Under the process, as it now exists, unions have not
one, not two, but three chances at securing desirable
outcomes from the Enterprise Based Agreements (EBAs).
First, the stevedoring firms place their developed
EBAs before the unions. The unions can select those
elements of the EBAs that are acceptable and reject
the rest.
Second, either of the parties can then take the matters
in dispute to WIRA for assistance in achieving a resolution.
Third, if the WIRA recommendations are not to their
liking the unions can go to the IRC for an arbitrated
settlement.
The inescapable conclusion is that for any change
in the current employer/employee arrangements stevedoring
management must rely entirely on the good offices of
the IRC. Stevedoring labour force control is not in
the hands of management, but the IRC.
The IRC is able to exert much greater control over
the waterfront workforce than over labour in most other
industries. The Conciliation and Arbitration Act 1904
contained a separate Division (Division 4, Part III)

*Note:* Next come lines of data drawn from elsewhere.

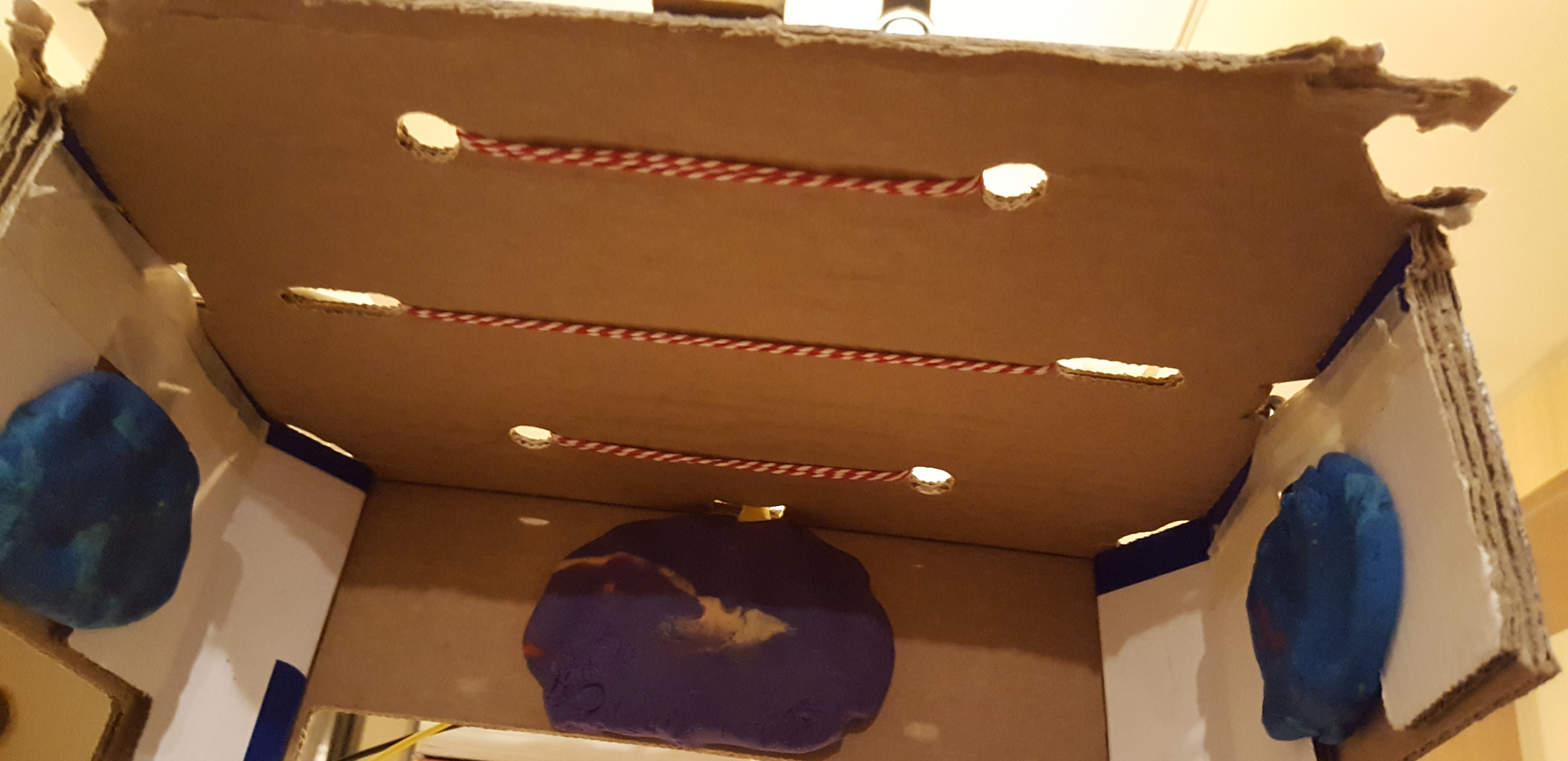 MakeyMakey cardboard head controls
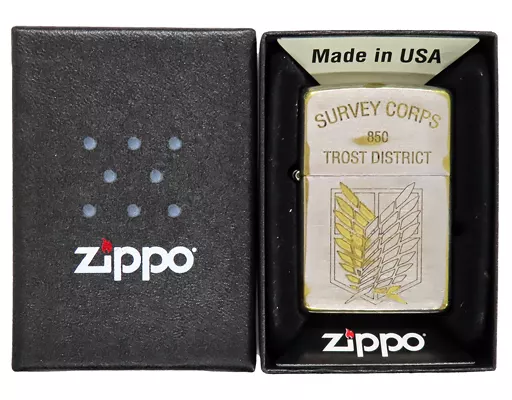 【進撃の巨人】 調査兵団　zippo 300個限定シリアルナンバー入り　特典付き 進撃の巨人】 調査兵団 zippo 300個限定シリアルナンバー入り 特典付き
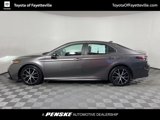 Used 2022 Toyota Camry SE image 2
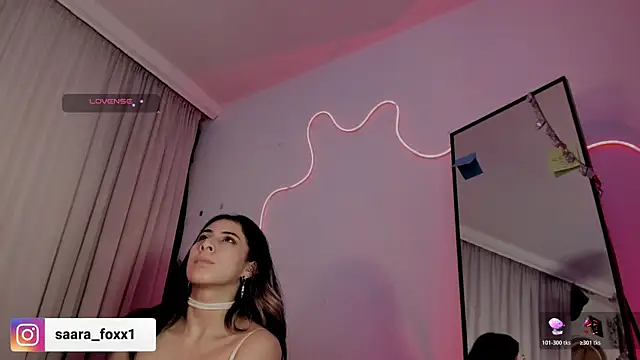 Sara_Foxx1 Live XXX-Chat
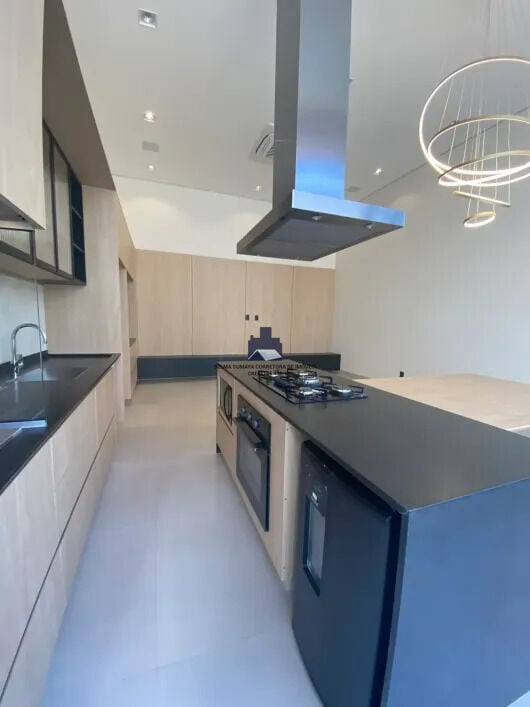 Casa de Condomínio com 3 quartos à venda, 165m² — foto 11 de 27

relating to industrial matters---waterside workers.
Whereas the balance of the Act principally relied on
placitum 51 (xxxv), the conciliation and arbitration
power, for its constitutional validity, this division
relied on placitum 51(i), the trade and commerce power.
In the Industrial Relations Act 1988 there was no
need for separate provisions to apply to waterfront
industrial matters, since the general provisions were
drawn more widely. Jurisdiction in relation to the
waterside can be upheld either under the conciliation
and arbitration power or the trade and commerce power.
It is as a result of the trade and commerce power
that the Commission's jurisdiction in relation to stevedoring
is wider than it is in relation to other industries.
The Commission is not even restricted to conciliating
and arbitrating. In so far as stevedores load ships
which engage in trade and commerce with other countries
and between states, the Commission has almost unlimited
powers to determine matters or things affecting or
relating to work done or to be done.
The Commission has jurisdiction to order that members
of the WWF are employed in stevedoring operations.
The Commission has jurisdiction to order that recruitment
of employees be made from a union register.
The Commission has jurisdiction to require a new entrant
to pay and observe all terms and conditions on which
members of the WWF are currently employed.
The Commission has jurisdiction to rule on how many
men are used for particular stevedoring tasks.
With labour costs representing 90-100% of total stevedoring
costs in bulk operations, 80-90% in break bulk operations
and 50-70% in container terminal operations, the role
of the IRC does not leave much for management to manage.
The IRC has abused the great powers available to it.
No less a body than the ISC came to this conclusion.
In a remarkable condemnation of another judicial institution
the ISC stated:
'Some of the past decisions (of the Conciliation and
Arbitration Commission) relating to the container depots
have not resulted in satisfactory working arrangements
when considered from a national economic perspective.'[1]
No doubt, when the three wise men of the ISC referred
to the need for attitudinal change in waterfront institutions
the IRC was uppermost in their mind. Of particular
concern to them was that the Conciliation and Arbitration
Commission had tended to limit opportunities for third
party invention. The ISC in its Final Report urged
both the Trade Practices Commission and importers and
exporters to in future intervene in waterfront industrial
hearings.
The Industrial Relations Commissioners, if they have
read the ISC report at all, apparently skipped over
pages 246-248. It is just as difficult today to intervene
in IRC hearings as it was prior to the ISC report.
NFF attempted to intervene in waterfront proceedings
earlier this year. Predictably, up jumped the WWF,
ACTU and AEWL, one, two, three to oppose the intervention.
Predictably full intervention rights were not provided.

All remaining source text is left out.